# Leaky camelback mouthpiece



## kcook (Sep 27, 2006)

I didn't know where else on the site to post: I have a Camelback knock-off (Sierra Designs) that I've already switched out one broken mouthpiece (or whatever it's called). Here's the problem. I'm riding along, with the mouthpiece capped, but it still drips, annoyingly, onto my leg. It's not so bad if the weather is warm, but when it's cold out, I get wet AND cold. Any suggestions? Is there a mouthpiece anyone has found that doesn't leak?


----------



## Kevin_Federline (Nov 19, 2008)

a non-knock off?


----------



## kcook (Sep 27, 2006)

Sure. A "knock-on" so to speak. Anything that doesn't leak.


----------



## CougarTrek (Jan 27, 2007)

My camelbak mouthpiece only leaks when I fail to close the valve and it's 4 or 5 years old now.
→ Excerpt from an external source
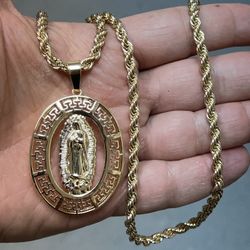 14k premium gold plated rope necklace and Virgin Mary pendant✨✨✨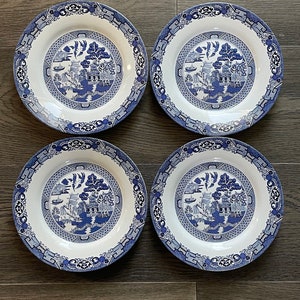 Royal Cuthbertson Blue Willow Porcelain Appetizer or Salad Plates Set of 4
Not sure it's compatible with your current bladder, but you could just go get a camelbak replacement bladder and use it in your current pack.


----------



## crashedandburned (Jan 9, 2004)

kcook said:


> Camelback *knock-off* (Sierra Designs)


Hold on....There's the problem right there!



kcook said:


> Any suggestions?


Yea, Buy a Camelbak.


----------



## kcook (Sep 27, 2006)

*Really?*

Is Camelbak the only company that makes these things well? (Serious question)


----------



## Ricko (Jan 14, 2004)

Retro fit these items on to your tube and you'll be good to go...

http://www.jensonusa.com/store/product/HY707Z02-Camelbak+Big+Bite+Valve.aspx
http://www.jensonusa.com/store/product/HY703Z00-Camelbak+Ergo+Hydrolock.aspx


----------



## eatdrinkride (Jun 15, 2005)

> Is Camelbak the only company that makes these things well? (Serious question)
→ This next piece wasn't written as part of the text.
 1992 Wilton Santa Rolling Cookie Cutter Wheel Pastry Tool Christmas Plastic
Camelbak makes a high quality product. It's not the end-all be-all of hydration packs by any means but there is no denying it is a superior product in almost every way compared to 'knock-offs'. The zippers last forever, the stitching never rips, the mouthpiece only leaks after years of use, and if it does leak it has a shut-off valve just above the bite valve that you can flick to stop the drip.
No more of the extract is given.